VI.3 En guise de conclusion

J’espère avoir montré dans ce petit aperçu qu’il y a bien une sensibilisation à l’utilisation politiquement correcte des formes féminisées dans le groupe, surtout dans des contextes où le groupe est en train de travailler son auto-définition, l’image qu’il se fait de lui-même, son identité comme groupe « conscient 385  ». Ce sont les moments où l’on parle de l’habitat collectif, donc du mode de vie alternatif, ou de problèmes dans l’interaction conflictuelle (la crise entre Pénélope et Albert) que le groupe a définis comme liés à un comportement dominant, mais aussi des moments de prise de décision, c’est-à-dire de positionnement vis-à-vis d’un certain point, et plus généralement des moments où l’on veut mentionner tous les membres du groupe en utilisant les formes masculines et féminines des pronoms définis ou indéfinis. Il y a donc une tendence d’affichage de la sensibilisation concernant la féminisation dans ces contextes. Mais, et nous avons vu cela dans les exemples classés comme « autres », la féminisation est aussi utilisée dans des contextes qui ne sont pas marqués d’une façon ou d’une autre. Il semble y avoir aussi des tendances idiosyncratiques : certaines personnes féminisent plus souvent ou plus radicalement que d’autres.

Les marqueurs d’hésitation qui accompagnent quasiment toujours la féminisation montrent les difficultés à mettre ce principe théorique en pratique.
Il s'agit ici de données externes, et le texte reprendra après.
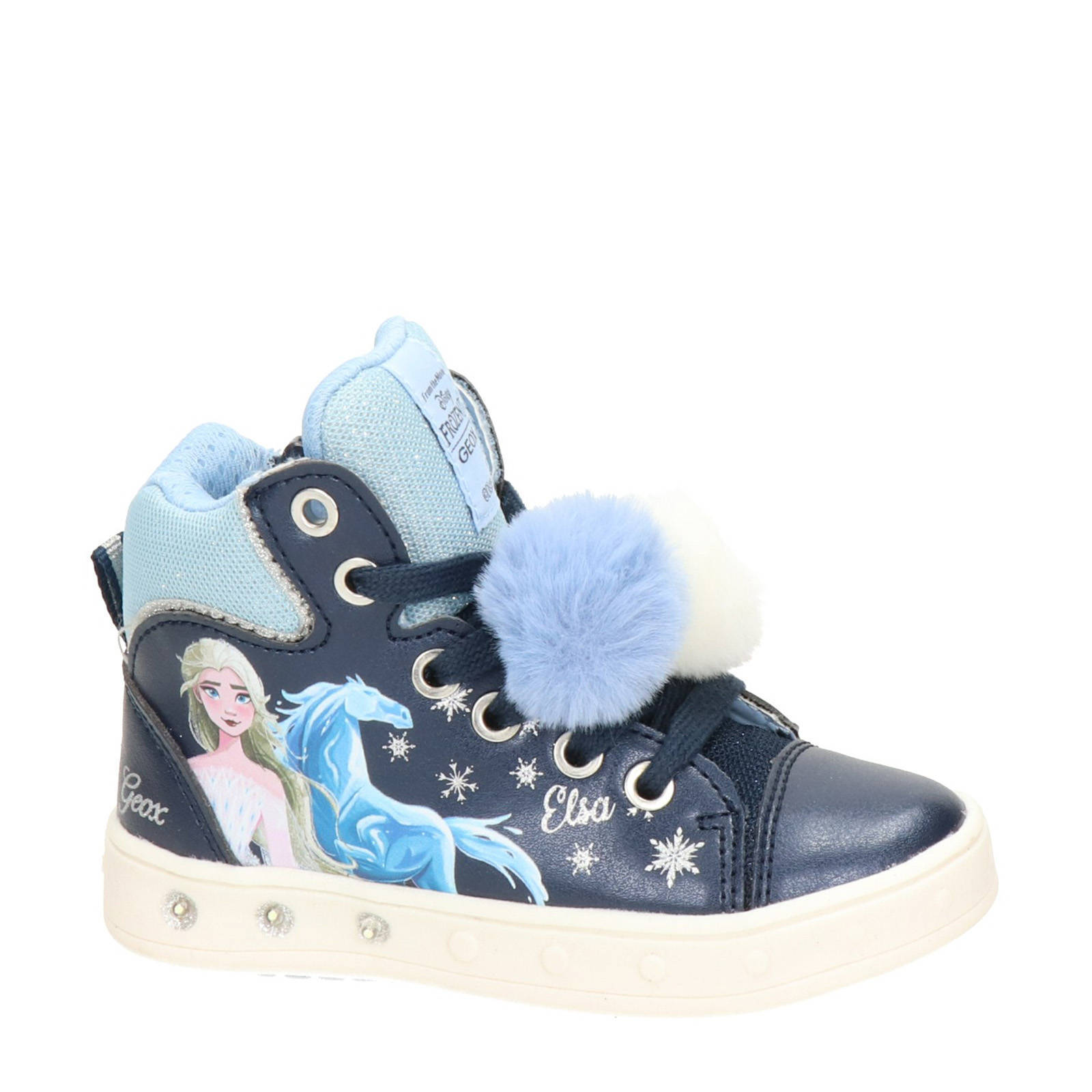 Geox Frozen Skylin hoge sneakers blauw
Nous avons vu que la féminisation n’est pas le seul élément lié à l’arrière-plan féministe qui s’affiche dans l’interaction verbale du groupe. Comme je l’ai déjà précisé, il serait intéressant de mieux travailler cet aspect, avec un corpus élargi. J’ai quand même pu présenter quelques exemples qui me semblent révélateurs de la gestion de l’interaction entre hommes et femmes à la Lutine. Celle-ci reflète le principe de base du groupe, celui de la coopération, et va quelquefois jusqu’à une hyper-sensibilisation en ce qui concerne le respect du droit à la parole (cf. l’exemple pardon) et la gestion des tâches dans l’interaction (cf. je préférerais quelqu’une).
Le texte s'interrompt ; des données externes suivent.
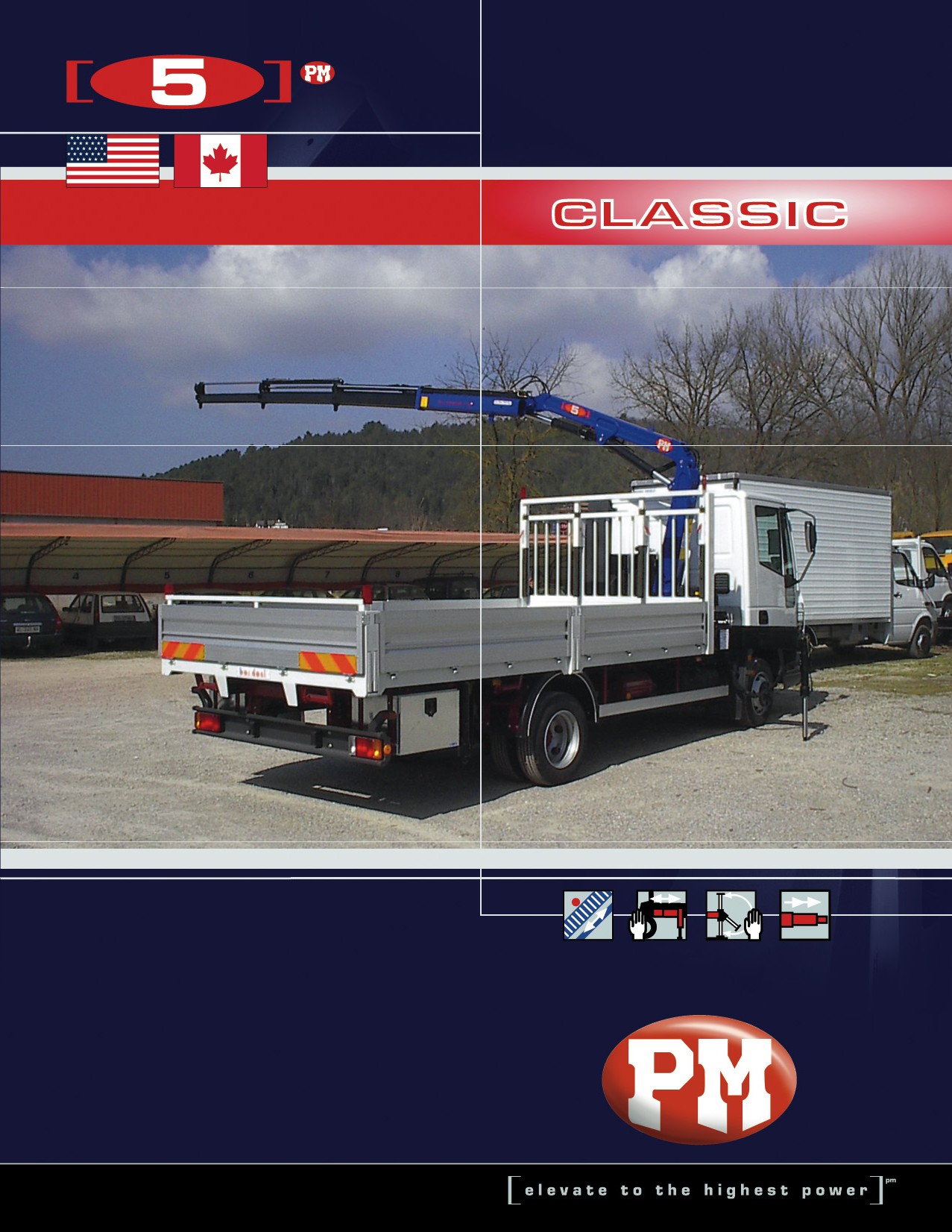 PM 5-ton knuckle boom crane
Nous avons constaté qu’il y a quand même des moments où non seulement l’interacton entre hommes et femmes s’avère difficile, mais où des principes féministes et leur mise en pratique posent problème (cf. à ce moment-là faut vraiment te proposer) ou sont mis à l’épreuve (cf. une histoire euh de domination claire). Ici on peut donc tirer la même conclusion que pour la féminisation grammaticale : le travail théorique est fait, la prise de conscience et la sensibilisation concernant la question sont bien avancées, mais la mise en pratique pose quelquefois problème.

Notes
385.

J’utilise ici un terme courant dans le milieu.